Il documentario mette il dito in una grossa piaga, quello dello spreco alimentare, che a macchia d’olio coinvolge ben altri sprechi, da quello idrico a quello energetico, passando per la rete dei trasporti fino al mero danno economico. Mediante una formula cinematografica divertente e accattivante, Grant Baldwin alterna le sue vicende di cercatore di cibo alle interviste a figure di rilievo nell’ambito di questa tematica: Dana Gunders, Project Scientist nel settore Food & Agriculture presso il Natural Resources Defense Council di San Francisco, autrice del report “Wasted: How America is Losing Up to 40% of Its Food from Farm to Fork to Landfill”; Jonathan Bloom, giornalista e autore del libro American Wasteland; Tristram Stuart, scrittore e attivista, vincitore del premio ambientale internazionale Sophie Prize nel 2011 per il suo impegno contro lo spreco.
Una storia semplice che diventa lo specchio di una realtà da cui risultano evidenti grandi falle nel sistema alimentare nord-americano, riconoscibili tuttavia anche in altri paesi.

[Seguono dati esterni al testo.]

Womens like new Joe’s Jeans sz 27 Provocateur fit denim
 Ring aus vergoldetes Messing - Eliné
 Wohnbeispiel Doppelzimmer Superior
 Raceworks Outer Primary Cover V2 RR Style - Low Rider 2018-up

Si parte dal sistema produttivo, che fornisce più cibo di quello che effettivamente si consuma. Si continua con il sistema distributivo, che vede i supermercati obbligati a disfarsi dei prodotti prossimi alla scadenza per quanto siano ancora integri e commestibili. Si finisce con la cultura del consumatore, abituato a scegliere prodotti esteticamente perfetti e a considerare lo spreco alimentare come qualcosa di lecito e senza conseguenze.
Ancora una volta, tutto parte da un meccanismo economico viziato che porta i paesi sviluppati a produrre più di quel che riescono a consumare privando di risorse quelle popolazioni che invece non hanno le stesse possibilità. Il progetto di Jen e Grant dimostra che basterebbe abbattere gli ostacoli culturali per creare una nuova sensibilità e una nuova consapevolezza. Solo grazie a questo cambiamento – che alcuni stanno iniziando a mettere in atto – è ipotizzabile una nuova gestione delle risorse che non solo permetterebbe una loro migliore distribuzione a livello globale, ma risulterebbe anche più vantaggiosa economicamente.